*WHAT YOU ARE ASKED TO DO*
Print all of the data exactly as written.
[Opening MATERIALS PROVIDED section]
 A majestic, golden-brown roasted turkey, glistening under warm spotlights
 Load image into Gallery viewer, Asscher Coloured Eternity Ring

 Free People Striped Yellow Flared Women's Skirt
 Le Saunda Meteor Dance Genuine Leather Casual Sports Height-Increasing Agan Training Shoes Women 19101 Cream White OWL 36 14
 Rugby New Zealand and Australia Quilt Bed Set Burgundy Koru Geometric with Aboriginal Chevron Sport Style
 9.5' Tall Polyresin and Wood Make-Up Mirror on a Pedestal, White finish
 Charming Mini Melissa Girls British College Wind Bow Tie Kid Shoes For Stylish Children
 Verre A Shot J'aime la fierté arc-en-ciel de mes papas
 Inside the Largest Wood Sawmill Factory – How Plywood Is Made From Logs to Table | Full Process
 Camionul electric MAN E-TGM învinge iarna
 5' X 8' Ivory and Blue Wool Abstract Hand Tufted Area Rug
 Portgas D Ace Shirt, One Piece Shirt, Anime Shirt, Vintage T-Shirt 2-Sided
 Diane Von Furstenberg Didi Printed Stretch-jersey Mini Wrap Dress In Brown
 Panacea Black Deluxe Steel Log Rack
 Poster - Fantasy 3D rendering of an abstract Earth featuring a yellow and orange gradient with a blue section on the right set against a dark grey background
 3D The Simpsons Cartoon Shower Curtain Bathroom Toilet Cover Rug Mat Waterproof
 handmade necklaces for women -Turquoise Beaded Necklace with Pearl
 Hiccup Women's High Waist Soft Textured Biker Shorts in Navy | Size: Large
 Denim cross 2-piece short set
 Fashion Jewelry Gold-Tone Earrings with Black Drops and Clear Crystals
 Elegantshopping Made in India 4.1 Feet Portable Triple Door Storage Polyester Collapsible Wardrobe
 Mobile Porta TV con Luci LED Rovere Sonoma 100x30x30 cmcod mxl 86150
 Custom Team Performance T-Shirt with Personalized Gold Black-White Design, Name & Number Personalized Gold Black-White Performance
[Closing MATERIALS PROVIDED section]
*TASK RESULT*
 A majestic, golden-brown roasted turkey, glistening under warm spotlights
 Load image into Gallery viewer, Asscher Coloured Eternity Ring

 Free People Striped Yellow Flared Women's Skirt
 Le Saunda Meteor Dance Genuine Leather Casual Sports Height-Increasing Agan Training Shoes Women 19101 Cream White OWL 36 14
 Rugby New Zealand and Australia Quilt Bed Set Burgundy Koru Geometric with Aboriginal Chevron Sport Style
 9.5' Tall Polyresin and Wood Make-Up Mirror on a Pedestal, White finish
 Charming Mini Melissa Girls British College Wind Bow Tie Kid Shoes For Stylish Children
 Verre A Shot J'aime la fierté arc-en-ciel de mes papas
 Inside the Largest Wood Sawmill Factory – How Plywood Is Made From Logs to Table | Full Process
 Camionul electric MAN E-TGM învinge iarna
 5' X 8' Ivory and Blue Wool Abstract Hand Tufted Area Rug
 Portgas D Ace Shirt, One Piece Shirt, Anime Shirt, Vintage T-Shirt 2-Sided
 Diane Von Furstenberg Didi Printed Stretch-jersey Mini Wrap Dress In Brown
 Panacea Black Deluxe Steel Log Rack
 Poster - Fantasy 3D rendering of an abstract Earth featuring a yellow and orange gradient with a blue section on the right set against a dark grey background
 3D The Simpsons Cartoon Shower Curtain Bathroom Toilet Cover Rug Mat Waterproof
 handmade necklaces for women -Turquoise Beaded Necklace with Pearl
 Hiccup Women's High Waist Soft Textured Biker Shorts in Navy | Size: Large
 Denim cross 2-piece short set
 Fashion Jewelry Gold-Tone Earrings with Black Drops and Clear Crystals
 Elegantshopping Made in India 4.1 Feet Portable Triple Door Storage Polyester Collapsible Wardrobe
 Mobile Porta TV con Luci LED Rovere Sonoma 100x30x30 cmcod mxl 86150
 Custom Team Performance T-Shirt with Personalized Gold Black-White Design, Name & Number Personalized Gold Black-White Performance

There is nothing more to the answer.